* **WORK REQUIRED**: Among the lines below, the one containing "Strength of a" opens the range and the one containing "Extensive seat ejection" closes it. Print that range exactly, without the pictures.

Stored data:
○ ○ ○

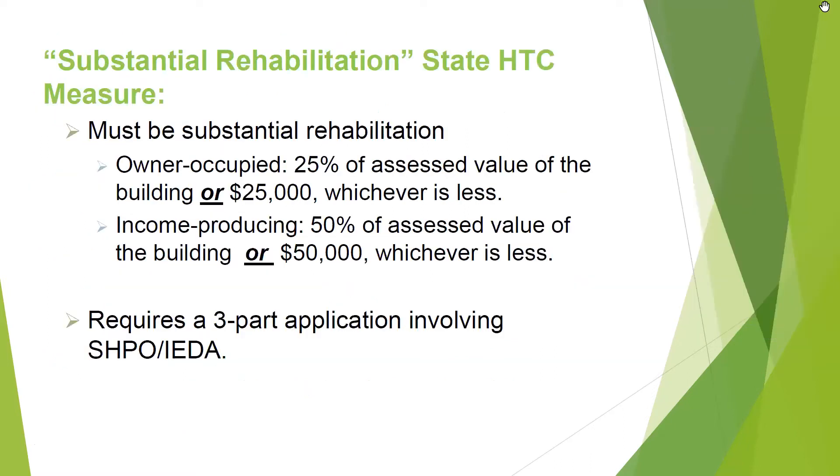You do have to be doing substantial rehabilitation. For an owner-occupied building — this is for state tax credits — you have to do 25% of the assessed value of the building or $25,000, whichever is less. If it is an income-producing building, you have to be doing 50% of the assessed value of the building or $50,000, whichever is less. When you look at the assessed value, go to the Scott County Assessor's website — you only take the value of the building; the land doesn't count.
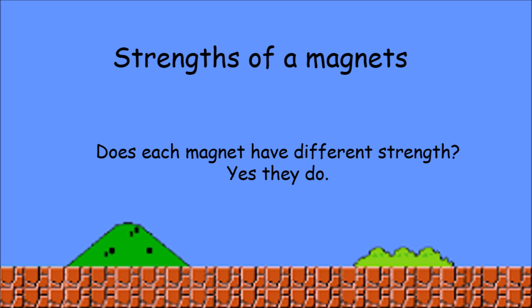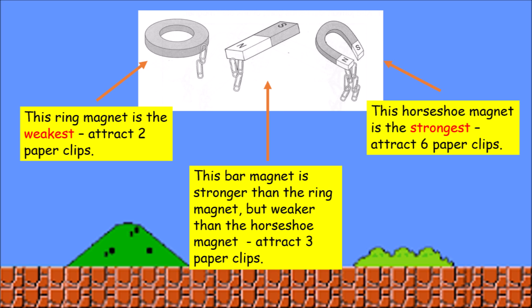Strength of a magnet. Does each magnet have different strength? Yes, they do. This ring magnet is the weakest because it can only attract 2 paper clips. This bar magnet is stronger than the ring magnet but weaker than the horseshoe magnet because it can attract 3 paper clips. And this horseshoe magnet is the strongest because it can attract 6 paper clips.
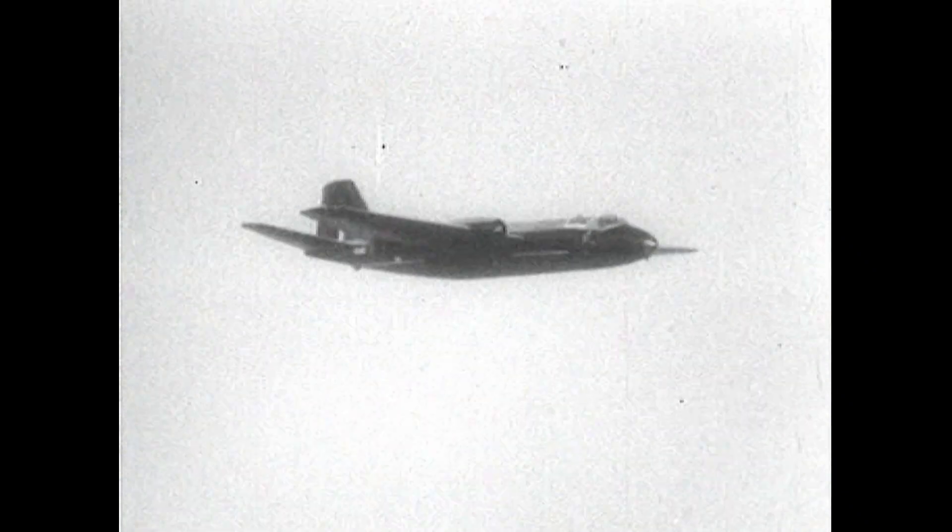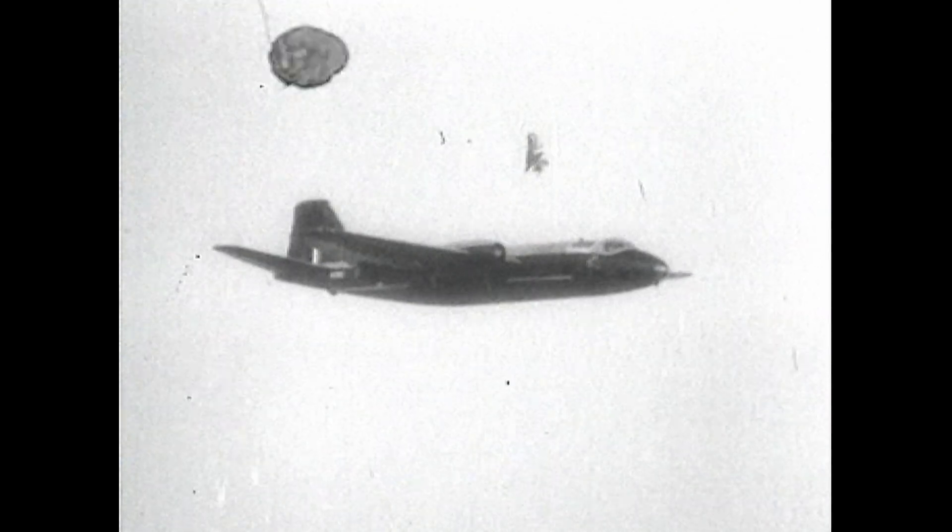Extensive seat ejection trials were carried out from a Canberra aircraft. Special tracking mountings were designed to enable high-speed cine cameras fitted with lenses up to 18 inches focal length to be operated at a high angle of elevation.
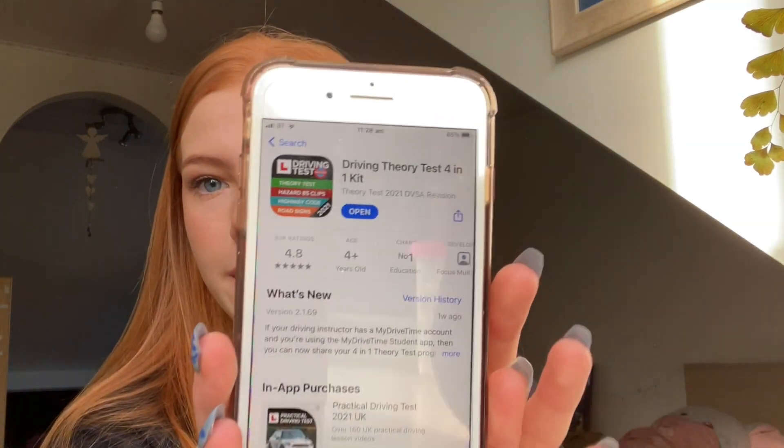The first thing I'm going to tell you to get is this app here. The free apps are probably alright but I didn't really like them, so I got this one for £4.99 — it's worth it, it's such a good app. When you open the app you'll be put onto a page with theory test, hazard perception, highway code, and road signs. My tip is to not bother reading the highway code — there's too much in it to learn just by reading, you need more active revision.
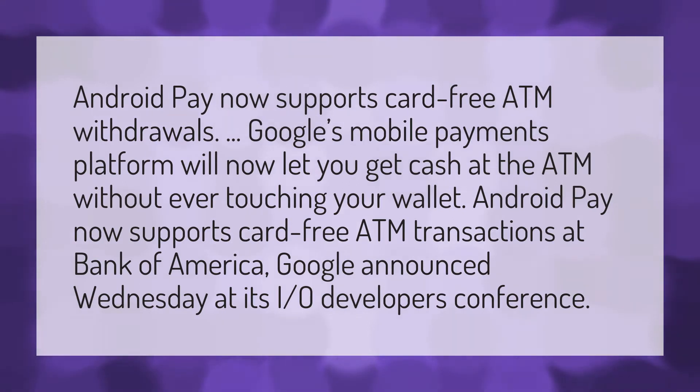Android Pay now supports card-free ATM withdrawals. Google's mobile payments platform will now let you get cash at the ATM without ever touching your wallet. Android Pay now supports card-free ATM transactions at Bank of America, Google announced Wednesday at its I/O developers conference.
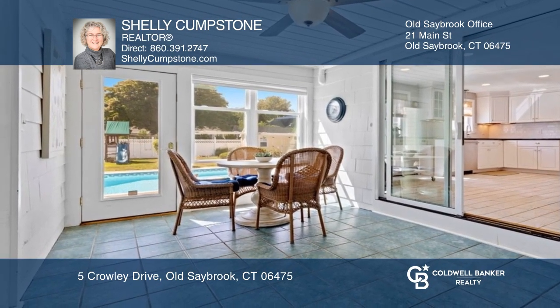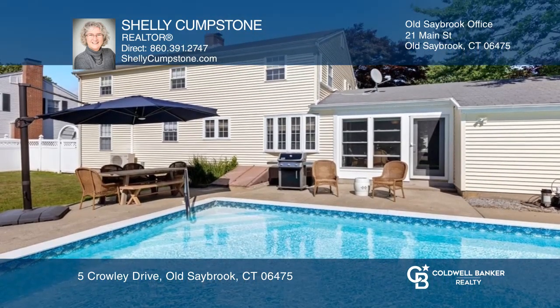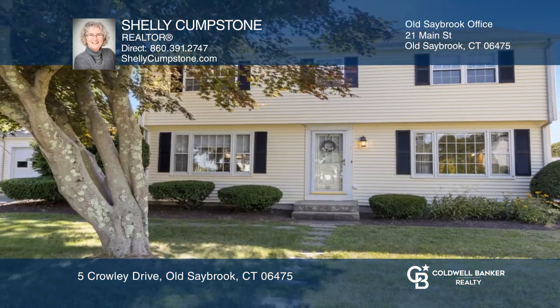The lower level has a family room/rec room. Close to town and beaches. Check out this property for yourself by scheduling a tour with Shelley Cumpstone.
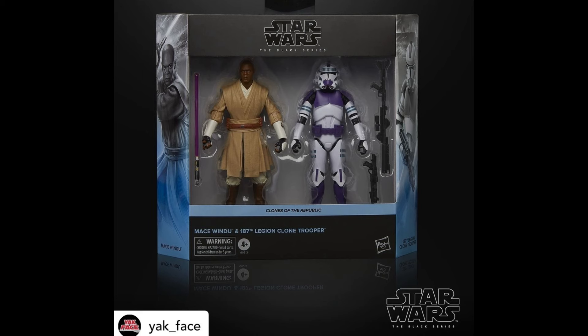Next up from Yak Face, we actually have the brand new Mace Windu and Clone Trooper 2-pack. This one is part of the Clones of the Republic line, and according to Yak Face, it looks like this set has finally started to arrive in the US. Judging by the shipping data of previous Hasbro Pulse exclusives, he's actually predicting this one to ship sooner than May 1st, which is the official release date. So if you did have this on pre-order, you might expect to see it sooner than May 1st. Once it does ship, whether on May 1st or sooner, it should go back in stock for everyone who missed it. This is one I personally missed as well, so really hoping to see it go back in stock pretty soon.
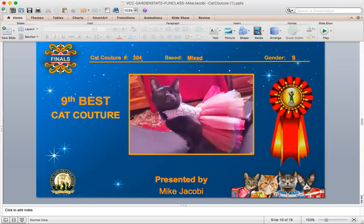And your 9th best cat. This is a mixed breed spay who looks like she's dressed up as a bit of a ballerina with the way she's dressed here. I wonder if she's anything like that at home or ready to start dancing around her home.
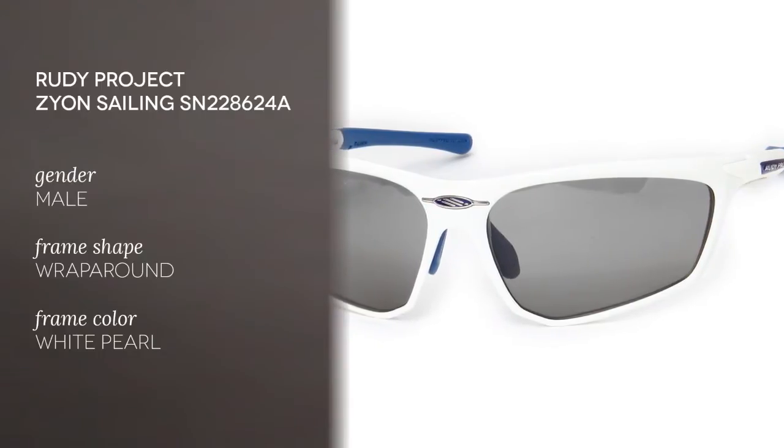Hi everyone and welcome to the SmartBuyGlasses YouTube channel, where we bring you the latest trends in eyewear. Today we feature the Rudy Project Zion Sailing SN228624A sunglasses for men.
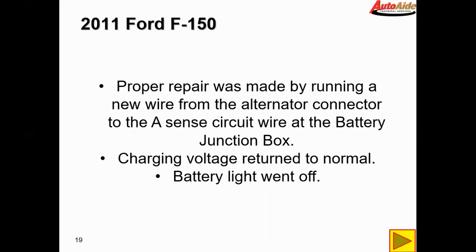After confirming that putting the good fuse in basically made everything work properly, I disconnected all that previous repair and the proper repair was made by running a new wire from the alternator connector to the A-sense circuit wire at the battery junction box. Battery charging voltage returned to normal, the battery light went off, the customer was happy, and the vehicle was fixed.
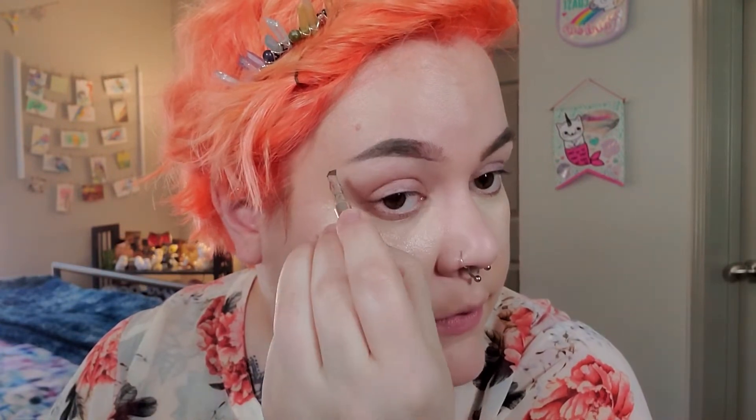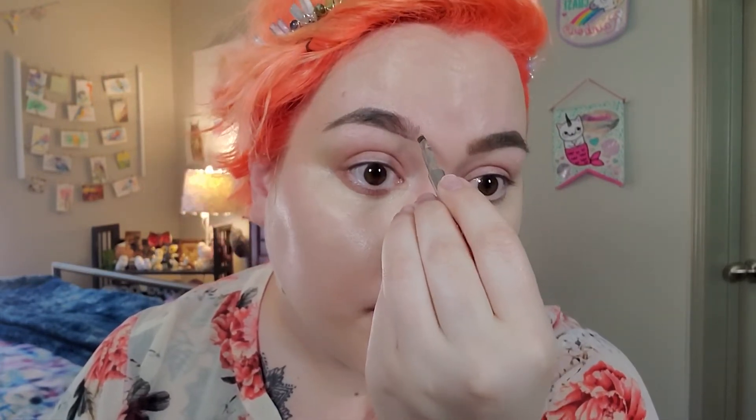Now I take the pomade to fill in and drag the tail out a bit. The pomade comes with a little brush, which is great for getting a precise tail. I just drag it up. Always start with the product at the back of your brow and work forward so you don't get globs of product at the front.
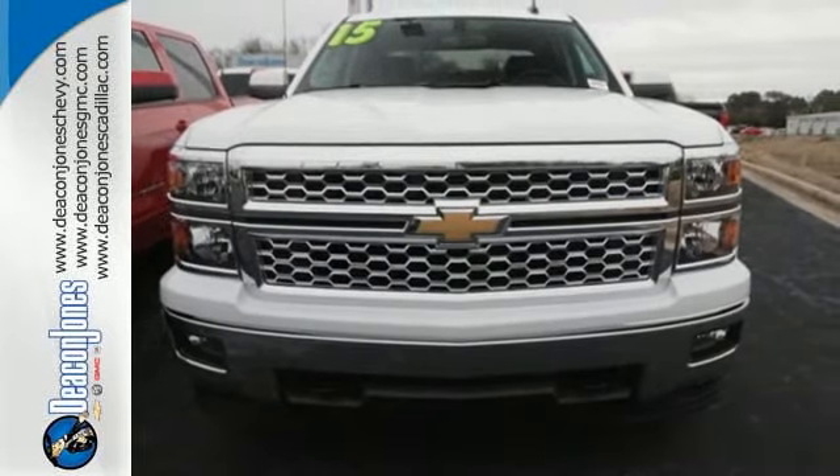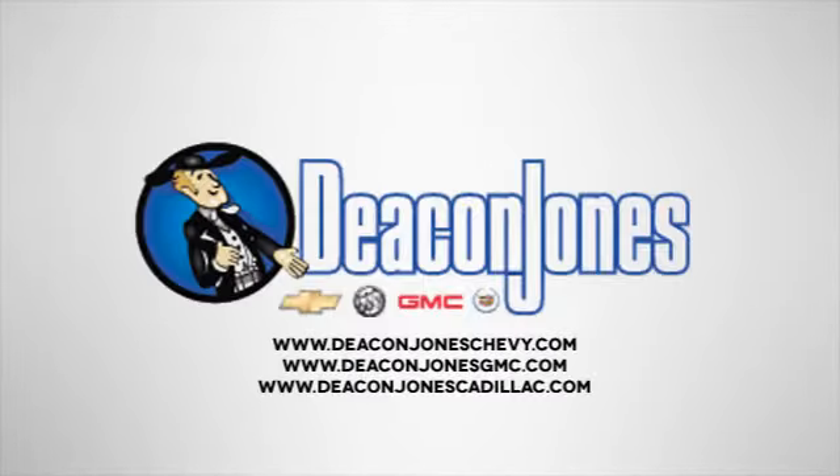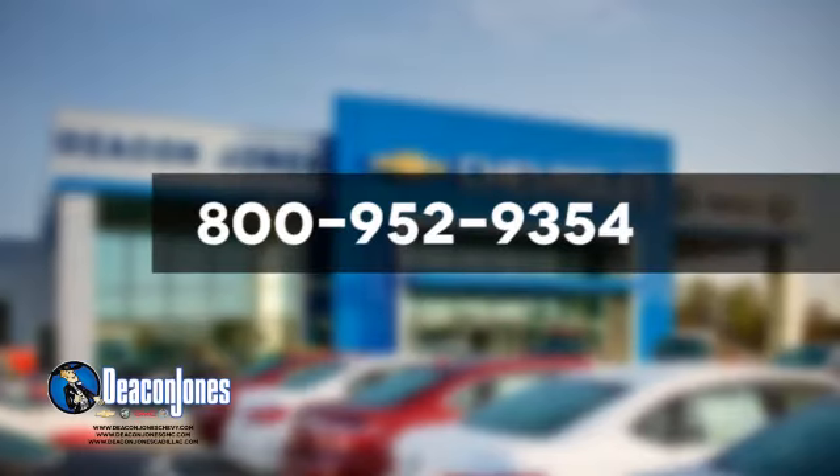Check it out today. Speaking Deacon — are you speaking Deacon? Visit Deacon Jones Chevrolet Buick GMC Cadillac today. Give us a call at 800-952-9354.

○ ○ ○

* **SOLVED EXERCISE**:
Strength of a magnet. Does each magnet have different strength? Yes, they do. This ring magnet is the weakest because it can only attract 2 paper clips. This bar magnet is stronger than the ring magnet but weaker than the horseshoe magnet because it can attract 3 paper clips. And this horseshoe magnet is the strongest because it can attract 6 paper clips.
Extensive seat ejection trials were carried out from a Canberra aircraft. Special tracking mountings were designed to enable high-speed cine cameras fitted with lenses up to 18 inches focal length to be operated at a high angle of elevation.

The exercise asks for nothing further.